ACTION ITEM: In full and without change, repeat the records shown below.

[Short descriptive text snippets]
···

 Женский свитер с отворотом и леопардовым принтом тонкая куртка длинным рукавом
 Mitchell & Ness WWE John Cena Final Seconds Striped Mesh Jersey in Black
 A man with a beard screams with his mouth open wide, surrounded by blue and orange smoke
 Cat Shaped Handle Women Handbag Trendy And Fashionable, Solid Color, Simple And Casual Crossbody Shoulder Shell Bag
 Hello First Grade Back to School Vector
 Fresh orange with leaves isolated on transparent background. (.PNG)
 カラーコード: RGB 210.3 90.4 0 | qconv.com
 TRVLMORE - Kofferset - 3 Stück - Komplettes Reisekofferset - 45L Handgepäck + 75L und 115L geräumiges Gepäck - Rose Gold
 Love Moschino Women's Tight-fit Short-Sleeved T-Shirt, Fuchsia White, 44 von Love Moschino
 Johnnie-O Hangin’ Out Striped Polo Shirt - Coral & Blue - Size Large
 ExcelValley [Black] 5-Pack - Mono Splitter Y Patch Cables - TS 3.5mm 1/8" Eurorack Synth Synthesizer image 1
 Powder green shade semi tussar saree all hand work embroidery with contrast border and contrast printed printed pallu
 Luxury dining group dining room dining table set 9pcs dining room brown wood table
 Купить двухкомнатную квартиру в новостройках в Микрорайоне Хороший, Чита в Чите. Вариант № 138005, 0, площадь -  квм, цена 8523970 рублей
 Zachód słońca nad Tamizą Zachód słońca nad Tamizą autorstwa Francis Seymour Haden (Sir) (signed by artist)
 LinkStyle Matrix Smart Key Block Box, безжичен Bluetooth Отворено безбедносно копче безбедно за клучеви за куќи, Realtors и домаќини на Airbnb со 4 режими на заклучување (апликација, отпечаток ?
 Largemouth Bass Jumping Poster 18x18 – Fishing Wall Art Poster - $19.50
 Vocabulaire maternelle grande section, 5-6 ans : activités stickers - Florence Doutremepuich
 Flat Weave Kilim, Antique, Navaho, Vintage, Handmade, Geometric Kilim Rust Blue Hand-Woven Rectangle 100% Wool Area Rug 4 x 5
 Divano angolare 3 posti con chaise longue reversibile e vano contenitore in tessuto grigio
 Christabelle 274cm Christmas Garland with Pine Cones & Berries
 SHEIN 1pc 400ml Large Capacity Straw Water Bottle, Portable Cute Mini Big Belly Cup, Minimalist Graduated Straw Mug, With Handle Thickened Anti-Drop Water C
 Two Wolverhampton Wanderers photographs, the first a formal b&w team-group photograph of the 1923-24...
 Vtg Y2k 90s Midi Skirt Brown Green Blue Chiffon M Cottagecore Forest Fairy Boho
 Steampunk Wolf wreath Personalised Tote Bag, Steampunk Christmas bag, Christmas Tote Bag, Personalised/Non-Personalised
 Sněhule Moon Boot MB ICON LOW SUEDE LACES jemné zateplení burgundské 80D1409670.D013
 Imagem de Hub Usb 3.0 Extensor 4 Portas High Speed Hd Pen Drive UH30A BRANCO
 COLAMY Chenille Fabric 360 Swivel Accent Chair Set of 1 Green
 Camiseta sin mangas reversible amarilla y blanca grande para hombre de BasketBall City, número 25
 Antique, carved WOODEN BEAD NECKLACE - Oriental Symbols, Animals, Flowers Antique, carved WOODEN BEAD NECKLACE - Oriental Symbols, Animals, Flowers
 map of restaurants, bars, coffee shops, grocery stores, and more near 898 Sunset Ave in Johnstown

···

WRITTEN SOLUTION:
 Женский свитер с отворотом и леопардовым принтом тонкая куртка длинным рукавом
 Mitchell & Ness WWE John Cena Final Seconds Striped Mesh Jersey in Black
 A man with a beard screams with his mouth open wide, surrounded by blue and orange smoke
 Cat Shaped Handle Women Handbag Trendy And Fashionable, Solid Color, Simple And Casual Crossbody Shoulder Shell Bag
 Hello First Grade Back to School Vector
 Fresh orange with leaves isolated on transparent background. (.PNG)
 カラーコード: RGB 210.3 90.4 0 | qconv.com
 TRVLMORE - Kofferset - 3 Stück - Komplettes Reisekofferset - 45L Handgepäck + 75L und 115L geräumiges Gepäck - Rose Gold
 Love Moschino Women's Tight-fit Short-Sleeved T-Shirt, Fuchsia White, 44 von Love Moschino
 Johnnie-O Hangin’ Out Striped Polo Shirt - Coral & Blue - Size Large
 ExcelValley [Black] 5-Pack - Mono Splitter Y Patch Cables - TS 3.5mm 1/8" Eurorack Synth Synthesizer image 1
 Powder green shade semi tussar saree all hand work embroidery with contrast border and contrast printed printed pallu
 Luxury dining group dining room dining table set 9pcs dining room brown wood table
 Купить двухкомнатную квартиру в новостройках в Микрорайоне Хороший, Чита в Чите. Вариант № 138005, 0, площадь -  квм, цена 8523970 рублей
 Zachód słońca nad Tamizą Zachód słońca nad Tamizą autorstwa Francis Seymour Haden (Sir) (signed by artist)
 LinkStyle Matrix Smart Key Block Box, безжичен Bluetooth Отворено безбедносно копче безбедно за клучеви за куќи, Realtors и домаќини на Airbnb со 4 режими на заклучување (апликација, отпечаток ?
 Largemouth Bass Jumping Poster 18x18 – Fishing Wall Art Poster - $19.50
 Vocabulaire maternelle grande section, 5-6 ans : activités stickers - Florence Doutremepuich
 Flat Weave Kilim, Antique, Navaho, Vintage, Handmade, Geometric Kilim Rust Blue Hand-Woven Rectangle 100% Wool Area Rug 4 x 5
 Divano angolare 3 posti con chaise longue reversibile e vano contenitore in tessuto grigio
 Christabelle 274cm Christmas Garland with Pine Cones & Berries
 SHEIN 1pc 400ml Large Capacity Straw Water Bottle, Portable Cute Mini Big Belly Cup, Minimalist Graduated Straw Mug, With Handle Thickened Anti-Drop Water C
 Two Wolverhampton Wanderers photographs, the first a formal b&w team-group photograph of the 1923-24...
 Vtg Y2k 90s Midi Skirt Brown Green Blue Chiffon M Cottagecore Forest Fairy Boho
 Steampunk Wolf wreath Personalised Tote Bag, Steampunk Christmas bag, Christmas Tote Bag, Personalised/Non-Personalised
 Sněhule Moon Boot MB ICON LOW SUEDE LACES jemné zateplení burgundské 80D1409670.D013
 Imagem de Hub Usb 3.0 Extensor 4 Portas High Speed Hd Pen Drive UH30A BRANCO
 COLAMY Chenille Fabric 360 Swivel Accent Chair Set of 1 Green
 Camiseta sin mangas reversible amarilla y blanca grande para hombre de BasketBall City, número 25
 Antique, carved WOODEN BEAD NECKLACE - Oriental Symbols, Animals, Flowers Antique, carved WOODEN BEAD NECKLACE - Oriental Symbols, Animals, Flowers
 map of restaurants, bars, coffee shops, grocery stores, and more near 898 Sunset Ave in Johnstown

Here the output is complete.